▸ What the task requires
Print, from the listing below, the lines starting at the line containing "velika igra - čarobni" and ending at the line containing "stressing a point.", exactly as they stand, and print nothing else.

▸ Data for processing
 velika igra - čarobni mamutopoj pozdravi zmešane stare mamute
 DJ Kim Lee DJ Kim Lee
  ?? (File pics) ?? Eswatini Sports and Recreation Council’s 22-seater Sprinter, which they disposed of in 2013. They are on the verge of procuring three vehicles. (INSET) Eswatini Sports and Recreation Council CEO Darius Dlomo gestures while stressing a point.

* * *

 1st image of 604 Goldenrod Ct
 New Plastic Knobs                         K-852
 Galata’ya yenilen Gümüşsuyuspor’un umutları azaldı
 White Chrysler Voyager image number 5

▸ Answer section
 velika igra - čarobni mamutopoj pozdravi zmešane stare mamute
 DJ Kim Lee DJ Kim Lee
  ?? (File pics) ?? Eswatini Sports and Recreation Council’s 22-seater Sprinter, which they disposed of in 2013. They are on the verge of procuring three vehicles. (INSET) Eswatini Sports and Recreation Council CEO Darius Dlomo gestures while stressing a point.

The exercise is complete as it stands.